Problem statement >> From the listing below, restate word for word the lines from the line containing "Rule 34 | 1girl, april" down through the line containing "Alpha Square S/S". Exclude pictures.

Material to process >>
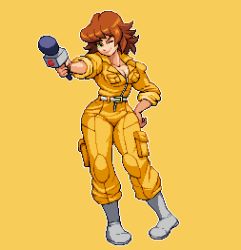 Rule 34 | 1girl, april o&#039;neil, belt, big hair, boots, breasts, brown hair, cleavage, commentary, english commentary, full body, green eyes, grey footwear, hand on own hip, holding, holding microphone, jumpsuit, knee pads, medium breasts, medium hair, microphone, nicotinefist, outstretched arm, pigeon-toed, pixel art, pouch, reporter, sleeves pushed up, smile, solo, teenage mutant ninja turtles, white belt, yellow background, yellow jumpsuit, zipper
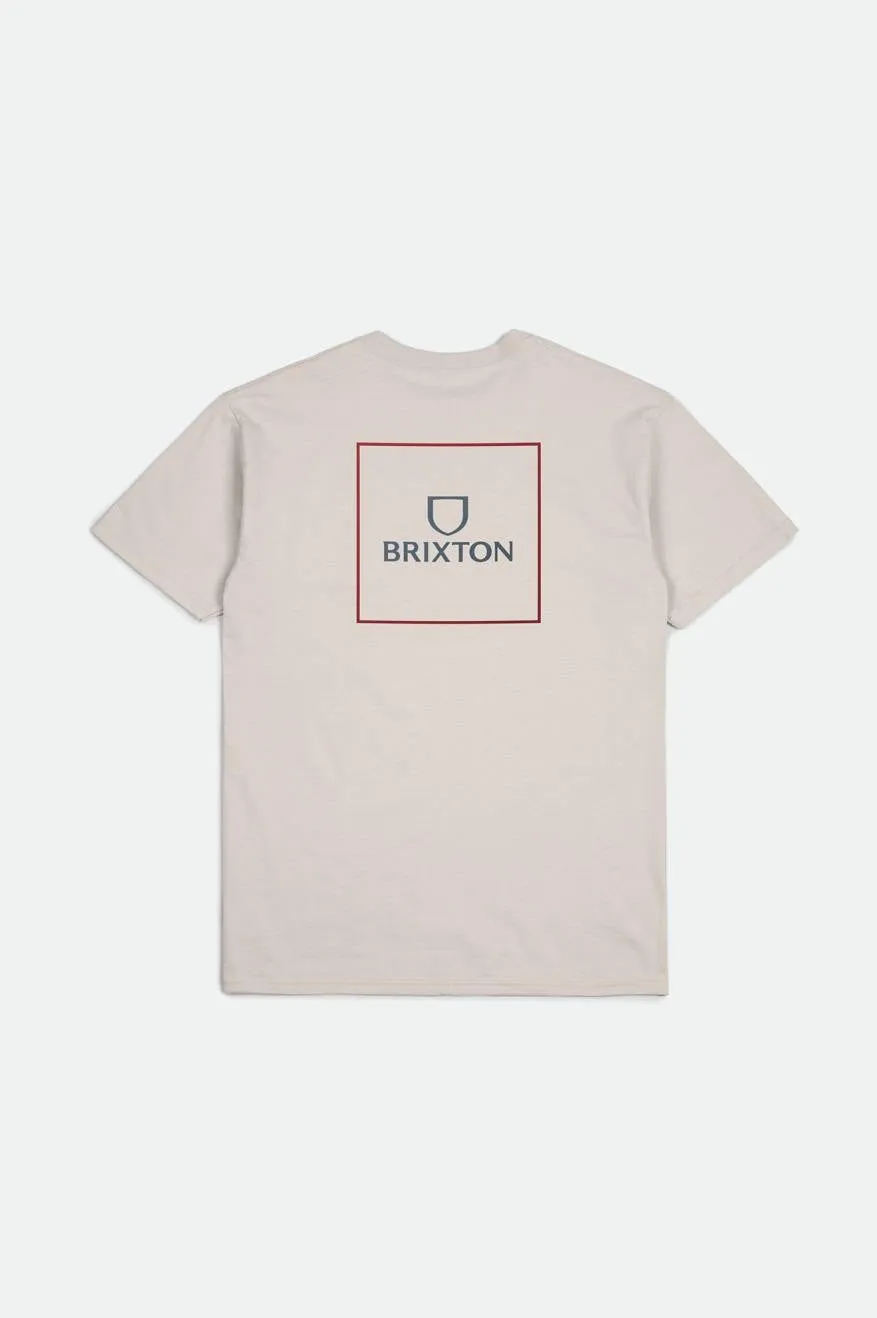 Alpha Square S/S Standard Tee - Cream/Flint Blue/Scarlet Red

* * *

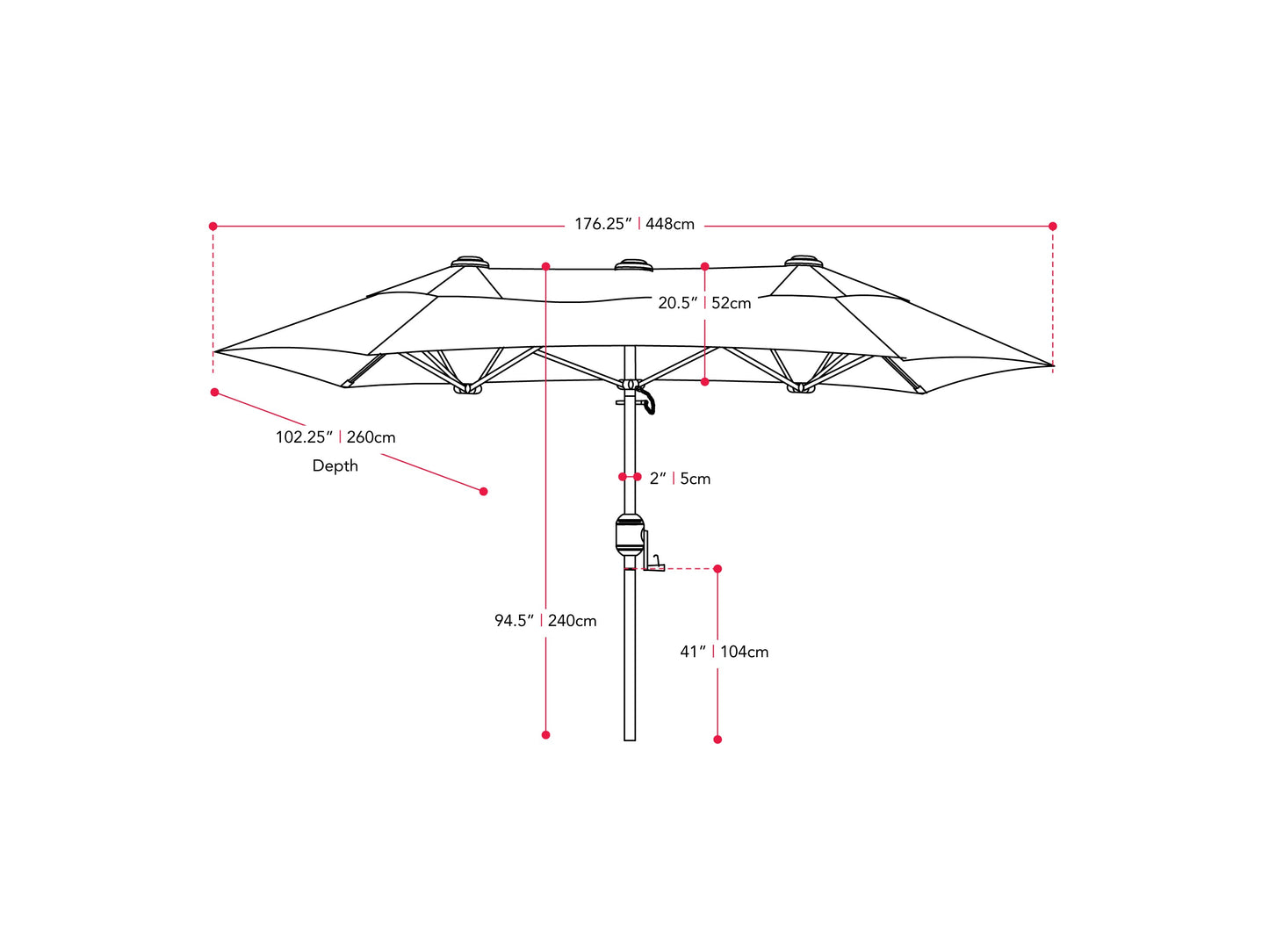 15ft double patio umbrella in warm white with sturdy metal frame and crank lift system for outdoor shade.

Answer to this exercise >>
 Rule 34 | 1girl, april o&#039;neil, belt, big hair, boots, breasts, brown hair, cleavage, commentary, english commentary, full body, green eyes, grey footwear, hand on own hip, holding, holding microphone, jumpsuit, knee pads, medium breasts, medium hair, microphone, nicotinefist, outstretched arm, pigeon-toed, pixel art, pouch, reporter, sleeves pushed up, smile, solo, teenage mutant ninja turtles, white belt, yellow background, yellow jumpsuit, zipper
 Alpha Square S/S Standard Tee - Cream/Flint Blue/Scarlet Red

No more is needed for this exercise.